Sometimes you run into an issue that is so blatantly obvious -and with such great frequency – that you say to yourself, “I have got to be seeing ghosts – this can’t really be an issue, can it?” The definition of what constitutes “Spot FX” is one of these issues that is on our minds today at TSR.
Who says that derivatives issues are boring – this one has a setting.
You have a master trading agreement of one sort or another and you want to make sure that
1) the default terms give you protection to close out and net your obligations under open trades (including your spot FX trades), in the event that your fx counterparty becomes a bankrupt fx counterparty or even some other, less dramatic event of default occurs in respect of the counterparty (such as a misrepresentation or payment default); BUT
2) spot FX are not subject to collateral requirements under that agreement.
So, you include a few provisions in your agreement that reference “spot FX” and articulate in a clear and concise manner exactly what you expect to happen (or not happen) vis a vis those types of trades and you have solved your problem, right?
THE PROBLEM THAT YOU HAVE CREATED
Wrong. You just created an issue for yourself because most trading documents do not actually define “spot FX.” (And, just as an aside, we have run into this issue in loan documents, as well.)

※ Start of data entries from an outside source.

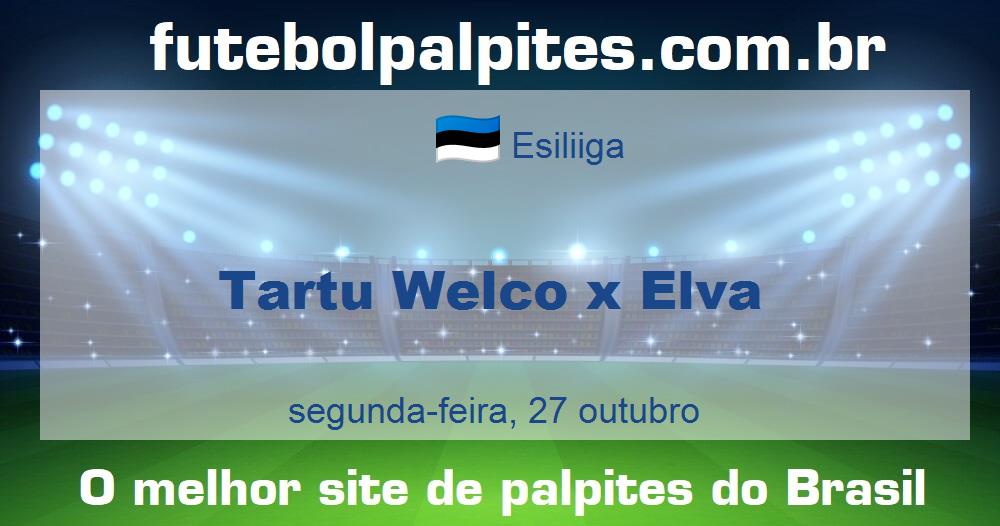 Tartu Welco x Elva Tartu Welco x Elva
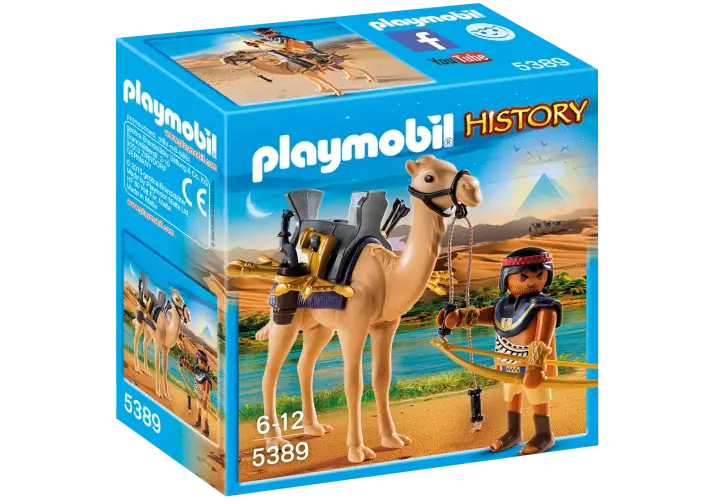 Playmobil 5389 - Egípcio com camelo - BOX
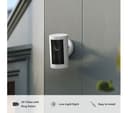 Ring Outdoor Cam Plus 2K White thumbnail 2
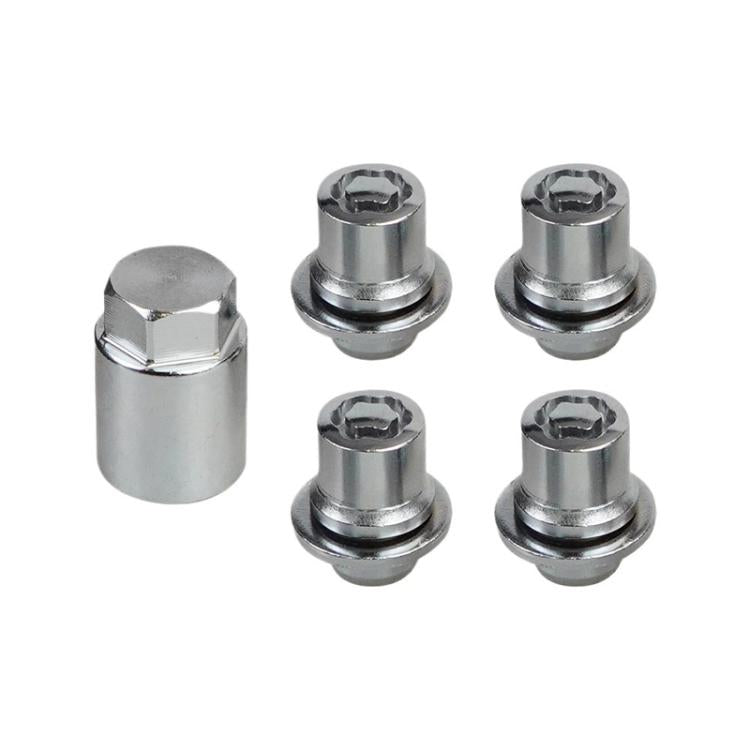 For Toyota Tundra / Sequoia Car Modified Anti-Theft Nuts Wheel Lock Lug Nuts 00276-00901, 34mm, 44mm, 45mm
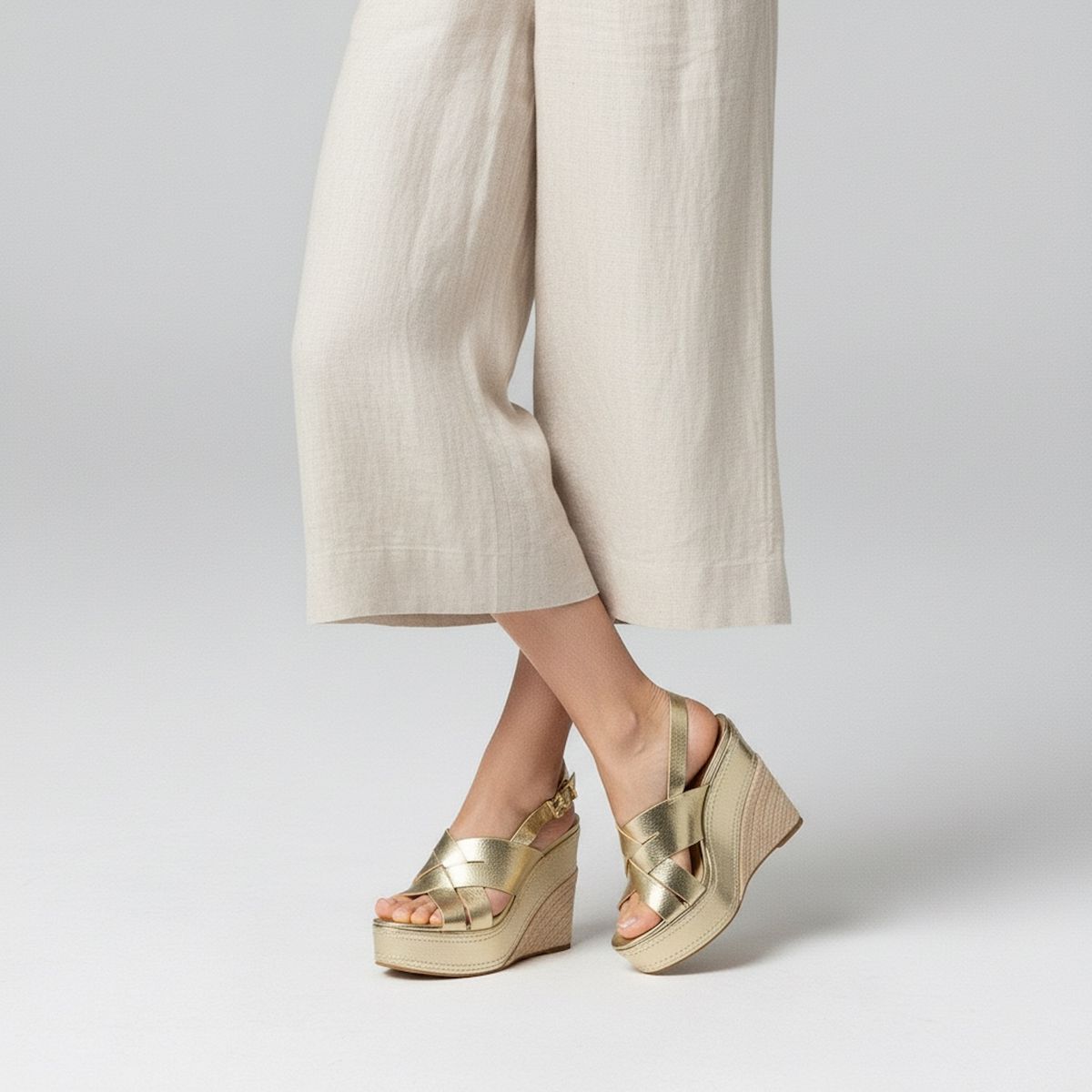 MICHAEL KORS - Sandalia Mujer Cuero Michael Kors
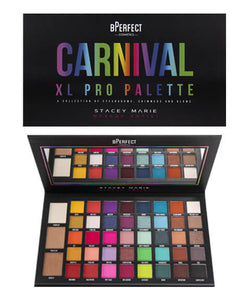 BPerfect Carnival XL PRO Eyeshadow palette by Stacy Marie  | LA Image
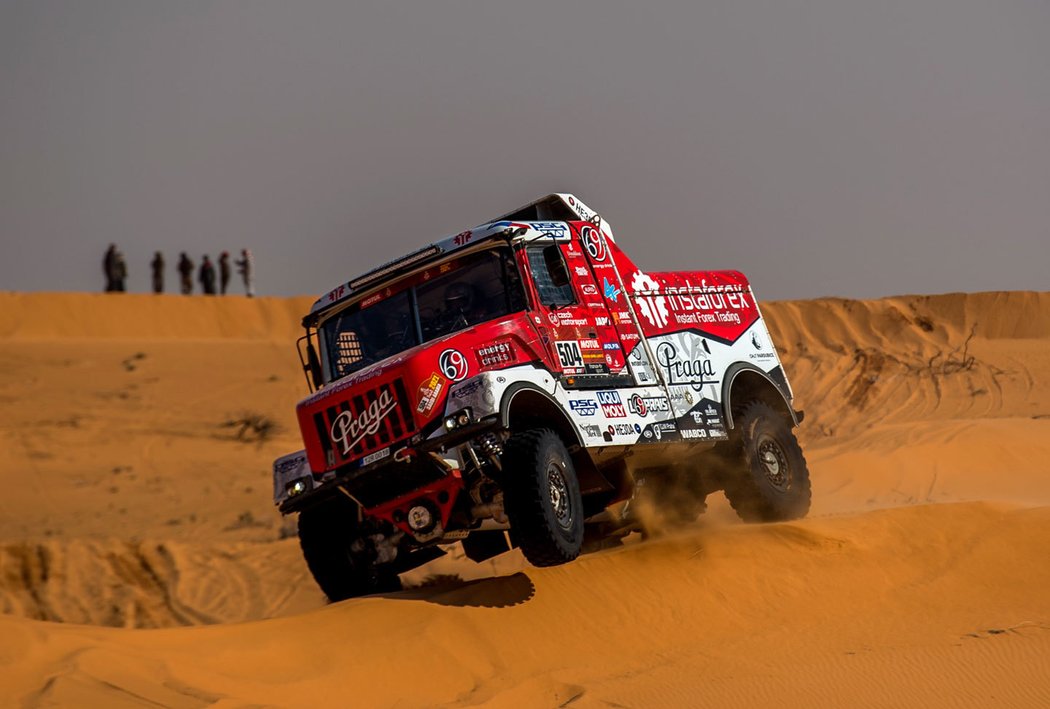 Rallye Dakar 2021, 11. etapa, Instaforex Loprais Team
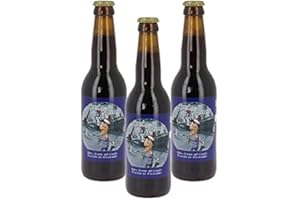 PAR FAIM DE NORMANDIE Bière bio - Quai des brunes - 5.6% 3x33cl - Made in Calvados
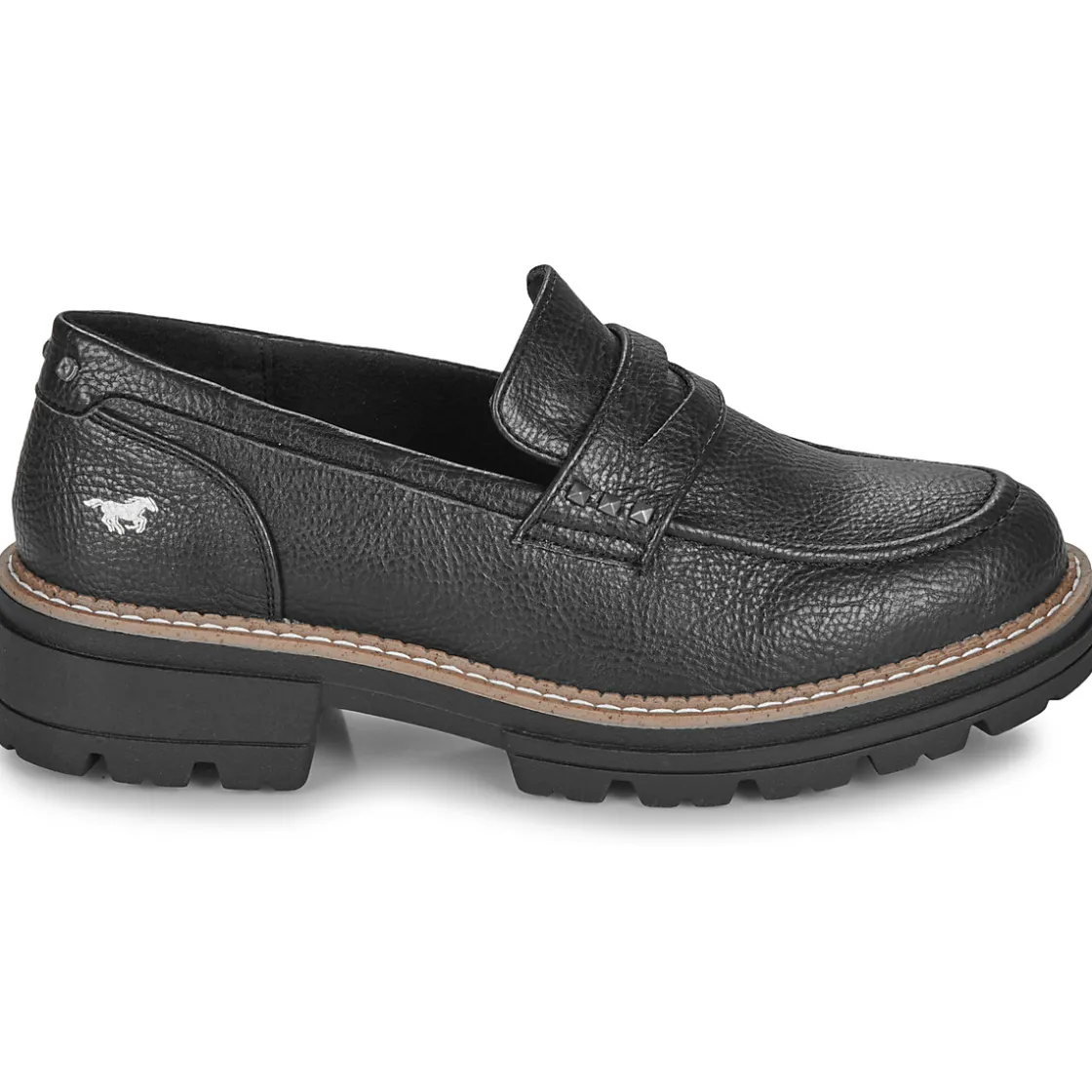 Mustang - 1437403< Mocassins & Chaussures Bateau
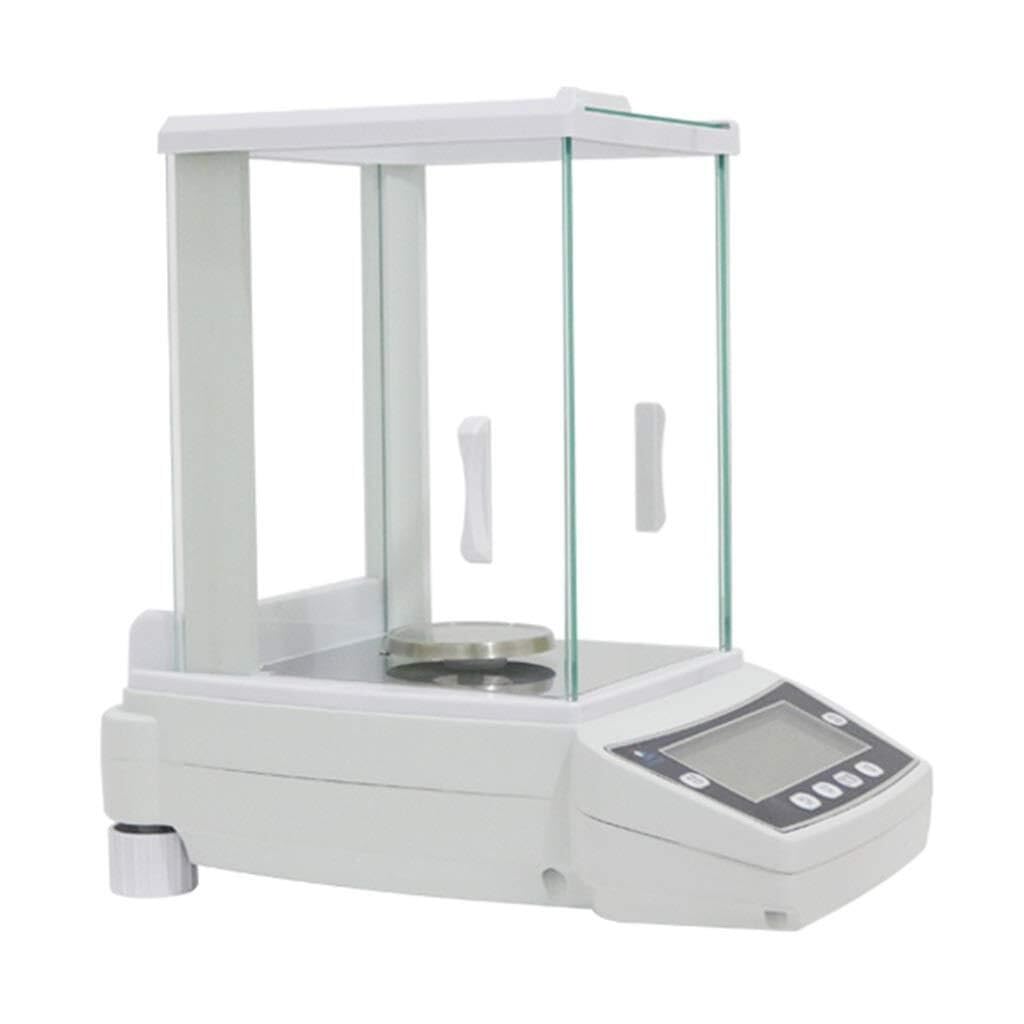 220G/0,0001G Elektroniczna Waga Analityczna Precyzyjna – Waga Laboratoryjna Z Wyświetlaczem Lcd, Interfejsem Usb I Drukarką,One Color-220g/0.0001g
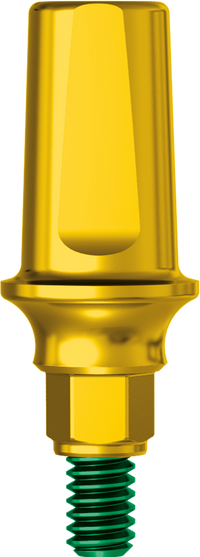 Straight Abutment Tissue Ø 5.0 H 2.0 JDEvolution Plus
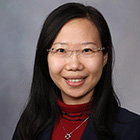 Head and shoulders photograph of Jun (Vivien) Yin, Ph.D.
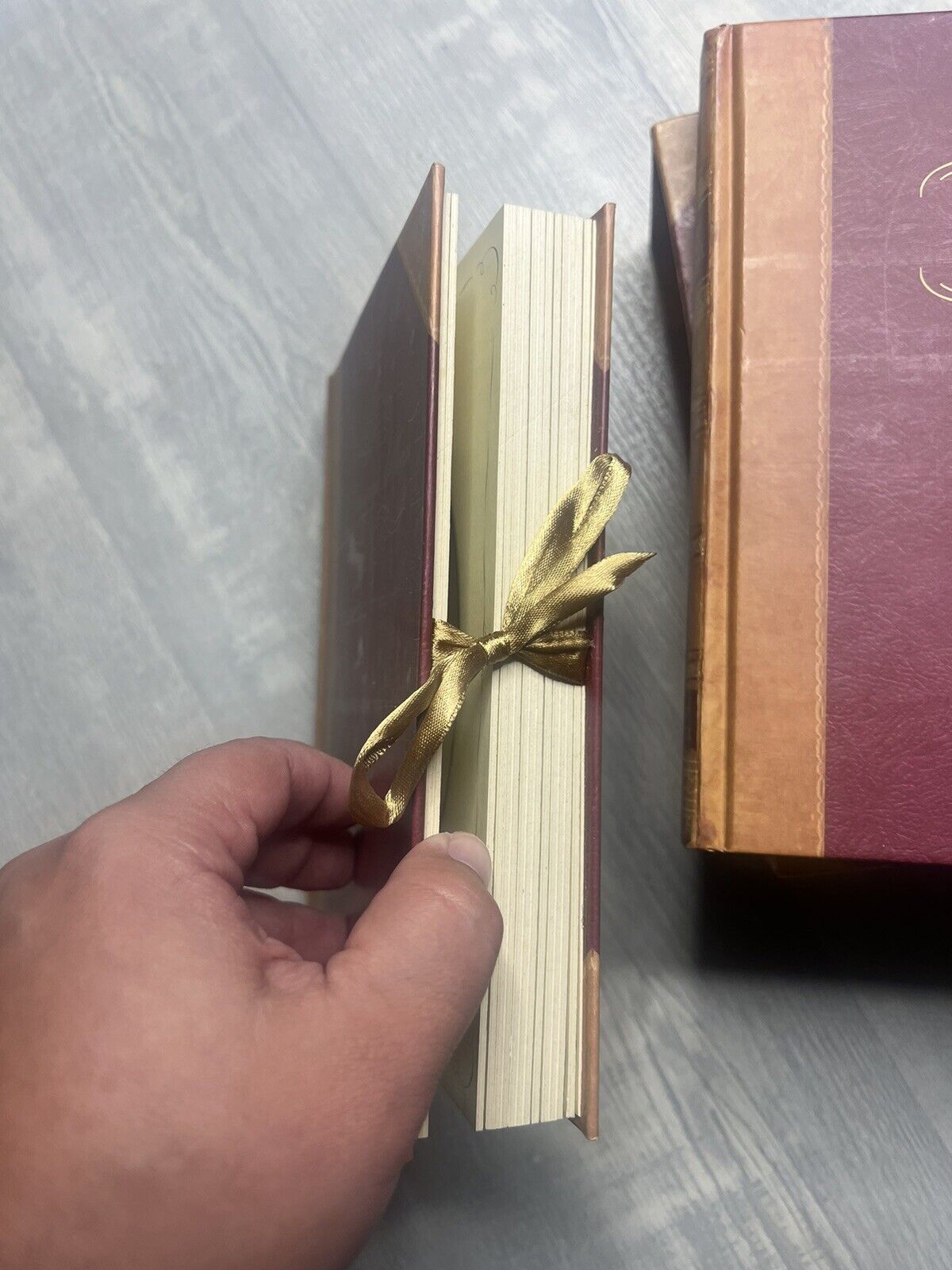 Robert Frederick Photo Album And Journal / Daily Diary - Boxed Set
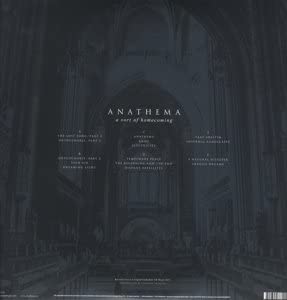 Anathema - A Sort Of Homecoming [VINYL]
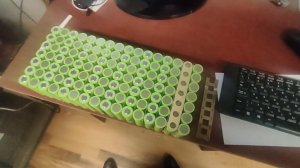 Изготовление батареи для CityCoco 16Sx7P. Часть вторая./// CityCoco battery 16Sx7P assembly. Part 2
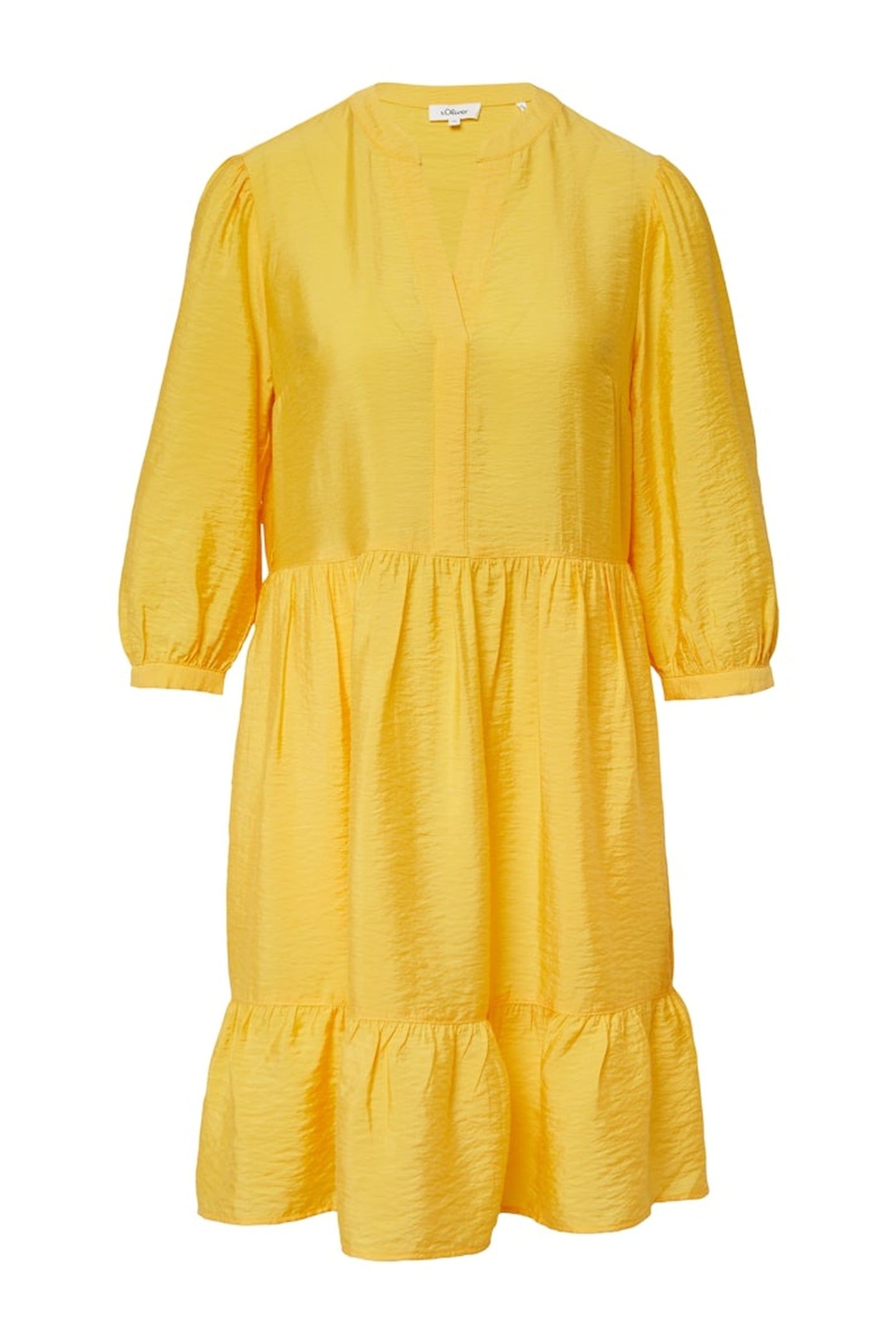 S.OLIVER DRESSES YELLOW 4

So what, you ask, everybody knows that spot FX means a forward period of two business days or less, right? Depends who you ask – some people say 2 days and some say 7 days.
SO WHAT IS THE RIGHT ANSWER
Define spot FX or, better yet, do not use the phrase at all. Rather, include a provision to the effect that the agreement (or provision, etc. whatever the case may be) does or does not apply to any trade with a stated tenor of “X” days or less.
In other words, say what you mean and mean what you say.
P.S. – “Say What You Mean and Mean What You Say” – complements of the song “Clichés” from Jimmy Buffet’s 1978 release Havana Daydreamin’ so are the words “Full Moon, So Soon, Wishin’ Every Month of the Year Could Be June” but TSR could not manage to fit that into this entry in any way other than a purely gratuitous P.S.